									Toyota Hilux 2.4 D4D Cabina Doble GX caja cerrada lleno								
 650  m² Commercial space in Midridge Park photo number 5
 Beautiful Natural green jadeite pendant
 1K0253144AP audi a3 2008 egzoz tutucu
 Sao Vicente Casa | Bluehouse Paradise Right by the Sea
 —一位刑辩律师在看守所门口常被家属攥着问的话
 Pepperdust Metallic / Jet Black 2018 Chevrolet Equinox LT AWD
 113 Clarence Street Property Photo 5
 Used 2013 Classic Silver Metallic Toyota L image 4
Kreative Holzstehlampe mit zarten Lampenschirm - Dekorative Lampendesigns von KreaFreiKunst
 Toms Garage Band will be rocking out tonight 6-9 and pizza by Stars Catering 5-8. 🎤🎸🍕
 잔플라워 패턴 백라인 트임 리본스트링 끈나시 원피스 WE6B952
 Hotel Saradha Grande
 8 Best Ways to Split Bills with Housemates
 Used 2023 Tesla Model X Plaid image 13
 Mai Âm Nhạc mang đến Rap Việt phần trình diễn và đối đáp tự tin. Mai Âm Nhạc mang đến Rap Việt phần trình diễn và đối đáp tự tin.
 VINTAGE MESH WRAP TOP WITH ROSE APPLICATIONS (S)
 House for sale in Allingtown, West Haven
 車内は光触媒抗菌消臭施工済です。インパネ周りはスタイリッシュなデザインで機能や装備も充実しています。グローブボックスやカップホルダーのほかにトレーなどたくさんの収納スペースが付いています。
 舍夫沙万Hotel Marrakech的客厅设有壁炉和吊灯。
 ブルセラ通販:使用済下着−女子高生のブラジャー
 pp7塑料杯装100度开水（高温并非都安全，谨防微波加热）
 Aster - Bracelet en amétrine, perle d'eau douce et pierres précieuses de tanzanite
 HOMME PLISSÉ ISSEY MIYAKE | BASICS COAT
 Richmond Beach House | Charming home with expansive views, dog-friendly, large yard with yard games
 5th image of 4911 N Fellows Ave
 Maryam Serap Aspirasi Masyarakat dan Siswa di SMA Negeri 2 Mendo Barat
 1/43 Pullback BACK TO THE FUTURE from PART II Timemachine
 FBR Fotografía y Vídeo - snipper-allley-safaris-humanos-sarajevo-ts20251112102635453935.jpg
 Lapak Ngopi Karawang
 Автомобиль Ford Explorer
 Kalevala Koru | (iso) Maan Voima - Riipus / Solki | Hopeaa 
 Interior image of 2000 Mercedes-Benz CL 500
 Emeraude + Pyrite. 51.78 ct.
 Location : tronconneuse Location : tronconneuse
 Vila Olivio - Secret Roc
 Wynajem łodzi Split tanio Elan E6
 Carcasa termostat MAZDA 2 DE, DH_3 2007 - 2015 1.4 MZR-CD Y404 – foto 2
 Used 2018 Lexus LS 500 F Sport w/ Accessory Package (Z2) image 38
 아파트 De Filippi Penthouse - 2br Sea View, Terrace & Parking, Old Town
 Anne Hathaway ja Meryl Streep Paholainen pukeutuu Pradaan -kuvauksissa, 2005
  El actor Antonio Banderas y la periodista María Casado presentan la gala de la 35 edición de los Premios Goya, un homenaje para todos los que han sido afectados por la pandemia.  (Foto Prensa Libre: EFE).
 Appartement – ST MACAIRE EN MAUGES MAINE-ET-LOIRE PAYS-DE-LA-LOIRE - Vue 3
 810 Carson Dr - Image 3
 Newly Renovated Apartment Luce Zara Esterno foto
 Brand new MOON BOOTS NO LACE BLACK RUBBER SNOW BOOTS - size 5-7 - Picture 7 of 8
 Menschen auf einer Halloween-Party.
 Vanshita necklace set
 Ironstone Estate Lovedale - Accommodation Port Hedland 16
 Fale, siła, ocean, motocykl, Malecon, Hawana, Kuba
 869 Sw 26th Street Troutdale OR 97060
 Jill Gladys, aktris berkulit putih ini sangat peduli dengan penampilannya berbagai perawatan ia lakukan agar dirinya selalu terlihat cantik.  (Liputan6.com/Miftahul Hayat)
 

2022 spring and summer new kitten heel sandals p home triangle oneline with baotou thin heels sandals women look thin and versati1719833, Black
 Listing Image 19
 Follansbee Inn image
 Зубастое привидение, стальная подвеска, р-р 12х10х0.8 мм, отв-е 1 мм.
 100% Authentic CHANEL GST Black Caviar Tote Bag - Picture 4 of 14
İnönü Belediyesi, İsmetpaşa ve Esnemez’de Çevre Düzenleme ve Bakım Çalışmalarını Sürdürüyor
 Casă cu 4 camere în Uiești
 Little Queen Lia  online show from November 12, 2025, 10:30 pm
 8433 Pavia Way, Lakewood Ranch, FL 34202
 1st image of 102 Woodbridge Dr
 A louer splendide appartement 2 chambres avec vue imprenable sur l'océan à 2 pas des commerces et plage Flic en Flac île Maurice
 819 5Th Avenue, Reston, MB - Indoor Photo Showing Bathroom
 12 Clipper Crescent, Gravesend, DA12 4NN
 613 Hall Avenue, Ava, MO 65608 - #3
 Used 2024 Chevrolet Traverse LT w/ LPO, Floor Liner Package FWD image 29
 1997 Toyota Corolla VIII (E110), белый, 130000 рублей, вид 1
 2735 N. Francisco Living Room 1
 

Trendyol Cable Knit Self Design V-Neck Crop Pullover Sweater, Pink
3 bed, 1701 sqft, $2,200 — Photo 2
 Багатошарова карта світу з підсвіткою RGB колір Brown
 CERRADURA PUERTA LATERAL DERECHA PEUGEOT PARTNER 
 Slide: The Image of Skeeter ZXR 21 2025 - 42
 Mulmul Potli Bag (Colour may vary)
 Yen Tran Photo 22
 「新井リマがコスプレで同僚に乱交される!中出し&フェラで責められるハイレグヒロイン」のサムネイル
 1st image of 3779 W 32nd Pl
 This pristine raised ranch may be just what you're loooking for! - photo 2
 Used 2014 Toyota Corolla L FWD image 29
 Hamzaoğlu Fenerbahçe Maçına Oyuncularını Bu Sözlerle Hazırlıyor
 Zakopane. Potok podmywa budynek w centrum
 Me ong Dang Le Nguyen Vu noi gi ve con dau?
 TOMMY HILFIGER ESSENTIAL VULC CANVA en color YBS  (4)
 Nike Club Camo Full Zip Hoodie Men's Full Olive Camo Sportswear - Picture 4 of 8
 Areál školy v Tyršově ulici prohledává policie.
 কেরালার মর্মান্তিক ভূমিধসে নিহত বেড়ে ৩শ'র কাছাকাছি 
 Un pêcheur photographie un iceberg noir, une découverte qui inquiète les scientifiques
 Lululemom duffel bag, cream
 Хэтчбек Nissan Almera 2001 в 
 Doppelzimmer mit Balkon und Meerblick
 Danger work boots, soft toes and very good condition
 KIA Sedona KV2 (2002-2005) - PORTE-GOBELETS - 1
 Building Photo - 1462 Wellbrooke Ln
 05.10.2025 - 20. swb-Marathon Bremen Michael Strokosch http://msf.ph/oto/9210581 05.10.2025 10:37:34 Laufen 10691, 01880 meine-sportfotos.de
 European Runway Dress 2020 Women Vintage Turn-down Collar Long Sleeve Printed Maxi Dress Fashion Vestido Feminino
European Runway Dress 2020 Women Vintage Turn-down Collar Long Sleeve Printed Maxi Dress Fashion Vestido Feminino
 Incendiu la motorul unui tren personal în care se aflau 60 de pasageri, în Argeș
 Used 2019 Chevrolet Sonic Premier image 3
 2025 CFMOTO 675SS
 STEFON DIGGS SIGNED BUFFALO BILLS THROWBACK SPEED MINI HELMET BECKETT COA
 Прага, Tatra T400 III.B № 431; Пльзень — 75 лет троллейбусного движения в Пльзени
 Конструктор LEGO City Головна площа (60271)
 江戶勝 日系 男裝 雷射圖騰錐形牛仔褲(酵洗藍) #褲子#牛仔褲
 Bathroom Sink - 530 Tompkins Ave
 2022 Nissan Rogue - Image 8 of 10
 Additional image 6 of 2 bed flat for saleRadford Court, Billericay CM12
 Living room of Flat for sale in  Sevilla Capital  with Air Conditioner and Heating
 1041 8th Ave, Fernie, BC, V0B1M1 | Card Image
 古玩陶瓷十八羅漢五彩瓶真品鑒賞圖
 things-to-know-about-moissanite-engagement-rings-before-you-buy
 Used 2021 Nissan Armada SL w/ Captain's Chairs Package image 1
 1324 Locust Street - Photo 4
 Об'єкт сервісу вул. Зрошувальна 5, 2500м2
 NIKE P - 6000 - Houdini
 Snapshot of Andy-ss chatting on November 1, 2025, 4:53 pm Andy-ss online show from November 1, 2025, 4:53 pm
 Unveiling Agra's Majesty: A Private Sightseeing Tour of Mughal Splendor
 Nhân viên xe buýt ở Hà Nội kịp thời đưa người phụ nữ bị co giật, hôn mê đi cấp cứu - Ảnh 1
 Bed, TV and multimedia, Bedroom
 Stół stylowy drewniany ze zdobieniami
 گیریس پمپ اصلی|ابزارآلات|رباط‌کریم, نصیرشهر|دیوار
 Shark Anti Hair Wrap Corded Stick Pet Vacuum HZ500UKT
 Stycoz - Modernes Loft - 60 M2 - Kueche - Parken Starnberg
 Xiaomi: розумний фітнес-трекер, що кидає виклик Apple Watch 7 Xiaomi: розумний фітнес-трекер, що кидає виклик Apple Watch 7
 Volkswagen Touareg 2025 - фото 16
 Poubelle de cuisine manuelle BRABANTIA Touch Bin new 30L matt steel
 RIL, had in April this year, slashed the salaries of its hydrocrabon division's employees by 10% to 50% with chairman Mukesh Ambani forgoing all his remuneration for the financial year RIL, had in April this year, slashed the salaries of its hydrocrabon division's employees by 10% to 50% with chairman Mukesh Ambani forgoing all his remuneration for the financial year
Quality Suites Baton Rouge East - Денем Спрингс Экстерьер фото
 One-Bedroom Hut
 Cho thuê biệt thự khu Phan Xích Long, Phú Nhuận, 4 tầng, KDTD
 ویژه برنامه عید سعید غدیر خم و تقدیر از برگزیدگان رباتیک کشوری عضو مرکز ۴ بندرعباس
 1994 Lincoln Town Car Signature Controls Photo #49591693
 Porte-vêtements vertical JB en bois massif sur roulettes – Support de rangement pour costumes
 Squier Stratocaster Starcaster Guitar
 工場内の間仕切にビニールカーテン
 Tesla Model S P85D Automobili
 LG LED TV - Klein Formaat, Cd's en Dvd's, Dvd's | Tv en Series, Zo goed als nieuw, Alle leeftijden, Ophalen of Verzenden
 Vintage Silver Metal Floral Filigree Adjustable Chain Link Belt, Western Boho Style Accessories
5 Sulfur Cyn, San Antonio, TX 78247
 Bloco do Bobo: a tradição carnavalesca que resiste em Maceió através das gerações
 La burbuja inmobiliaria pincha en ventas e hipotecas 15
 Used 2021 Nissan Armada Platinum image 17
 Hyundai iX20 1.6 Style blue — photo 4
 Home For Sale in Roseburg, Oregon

## Assigned task
Exactly and in full, write out the lines from the one containing "LG LED TV - Klein" through the end of the listing.

## Task answer
 LG LED TV - Klein Formaat, Cd's en Dvd's, Dvd's | Tv en Series, Zo goed als nieuw, Alle leeftijden, Ophalen of Verzenden
 Vintage Silver Metal Floral Filigree Adjustable Chain Link Belt, Western Boho Style Accessories
5 Sulfur Cyn, San Antonio, TX 78247
 Bloco do Bobo: a tradição carnavalesca que resiste em Maceió através das gerações
 La burbuja inmobiliaria pincha en ventas e hipotecas 15
 Used 2021 Nissan Armada Platinum image 17
 Hyundai iX20 1.6 Style blue — photo 4
 Home For Sale in Roseburg, Oregon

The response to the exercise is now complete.